Task instructions
Every line below from the one containing "Today we'll talk" through the one containing "You will follow" is to be printed exactly, with the pictures omitted.

Extracted records
—————

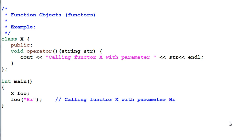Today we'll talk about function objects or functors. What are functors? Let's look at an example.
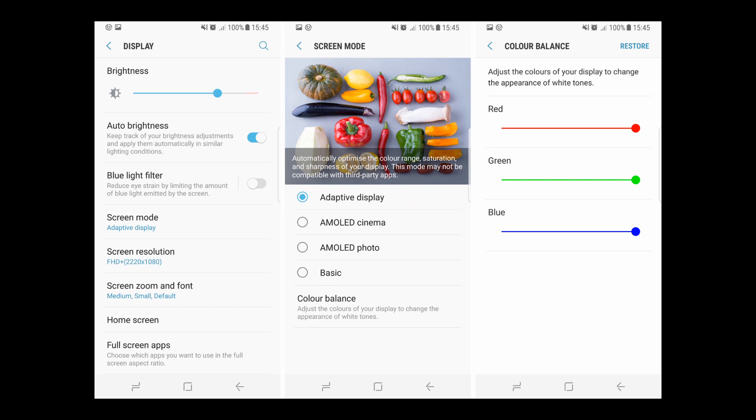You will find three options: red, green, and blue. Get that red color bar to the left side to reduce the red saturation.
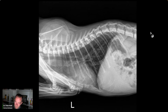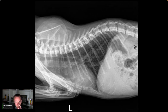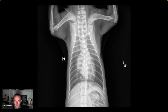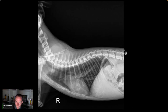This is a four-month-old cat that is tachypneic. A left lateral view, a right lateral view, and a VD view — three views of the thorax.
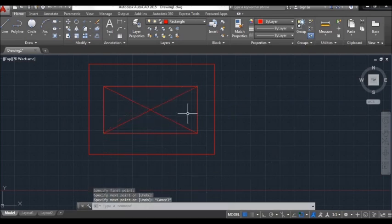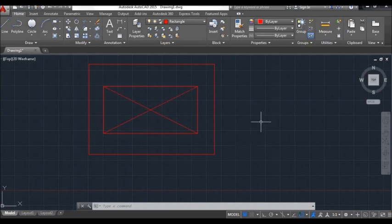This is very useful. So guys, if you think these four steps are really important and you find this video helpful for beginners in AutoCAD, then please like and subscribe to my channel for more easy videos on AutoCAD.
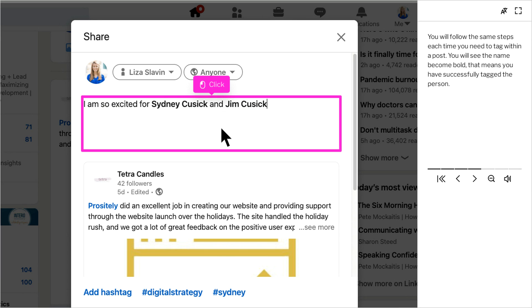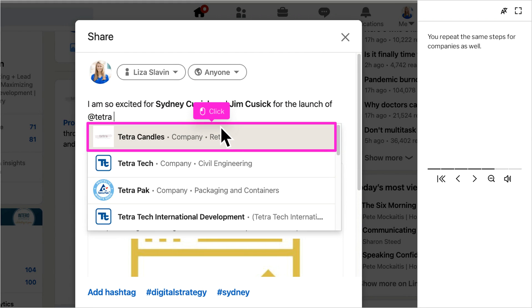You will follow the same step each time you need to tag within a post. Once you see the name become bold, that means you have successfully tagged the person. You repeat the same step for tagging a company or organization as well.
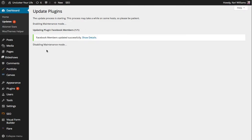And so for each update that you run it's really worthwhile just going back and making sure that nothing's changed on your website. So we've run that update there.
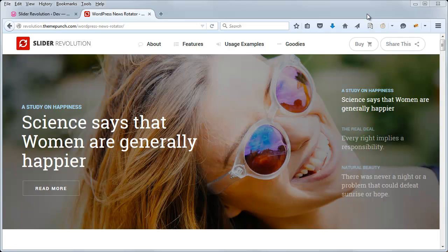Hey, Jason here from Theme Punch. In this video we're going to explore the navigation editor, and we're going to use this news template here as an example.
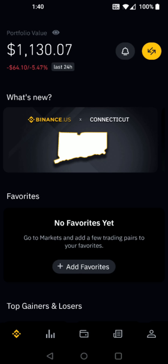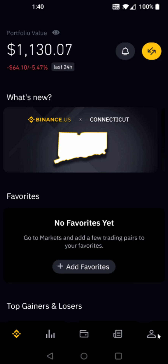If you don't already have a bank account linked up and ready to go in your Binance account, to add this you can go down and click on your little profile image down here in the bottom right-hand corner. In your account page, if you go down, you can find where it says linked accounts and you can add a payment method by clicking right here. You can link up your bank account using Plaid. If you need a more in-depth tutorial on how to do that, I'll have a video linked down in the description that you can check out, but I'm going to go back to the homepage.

—————

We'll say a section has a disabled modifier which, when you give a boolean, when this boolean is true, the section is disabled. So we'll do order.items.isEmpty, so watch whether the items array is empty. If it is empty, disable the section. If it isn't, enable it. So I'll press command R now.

—————

Solution below
Today we'll talk about function objects or functors. What are functors? Let's look at an example.
You will find three options: red, green, and blue. Get that red color bar to the left side to reduce the red saturation.
This is a four-month-old cat that is tachypneic. A left lateral view, a right lateral view, and a VD view — three views of the thorax.
This is very useful. So guys, if you think these four steps are really important and you find this video helpful for beginners in AutoCAD, then please like and subscribe to my channel for more easy videos on AutoCAD.
You will follow the same step each time you need to tag within a post. Once you see the name become bold, that means you have successfully tagged the person. You repeat the same step for tagging a company or organization as well.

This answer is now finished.